He said that Bytedance has access to every detail about your phone hardware, including how much disk space you have left, other apps you installed, things about your network (IP, router MAC, wifi access point name) and even your location – every 30 seconds or so. 

Tiktok lawsuit

A Tiktok class action lawsuit exists in the state of Illinois, asking Bytedance to pay penalties for how they handle user data. All persons who reside in the United States who used the TikTok or Musical.ly app prior to September 30, 2021, and all persons who used the apps to create videos by the same date, could submit a claim to be reimbursed for the way their personal information was used.
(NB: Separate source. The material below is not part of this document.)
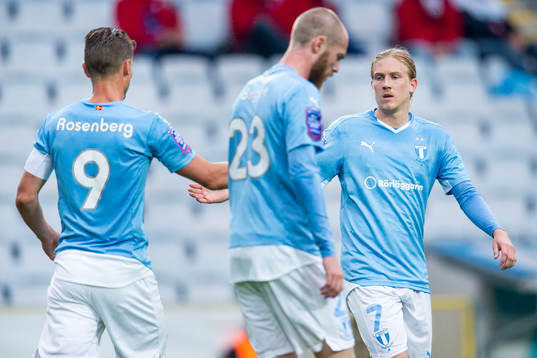 Malmö FFs Markus Rosenberg firas av Simon Kroon och Jo Inge Berget efter han gjort 1-0 på straff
Tiktok’s mother company, Bytedance, was force to pay out $92 million in the settlement.

But that was just the beginning and another Tiktok lawsuit is probably brewing.

tiktok

Democrat senator Amy Klobuchar and republican senator John Thune sent TikTok an openly released letter asking them what exactly they are doing with the biometric data they collect, particularly “faceprints” and “voiceprints”.

As of now, Bytedance has not responded to the summons with any clarification. 

The letter was sent after TikTok’s privacy policy changed to mention that the app collects biometric data. TikTok can read your messages and they say so plainly in their privacy policy. They also say they can detect and use information “such as identifying the objects and scenery that appear, the existence and location within an image of face and body features and attributes, the nature of the audio, and the text of the words spoken in your User Content.”

I’s clear that, if you want a modicum of online privacy, you have to take some measures to protect yourself.  Let’s see how.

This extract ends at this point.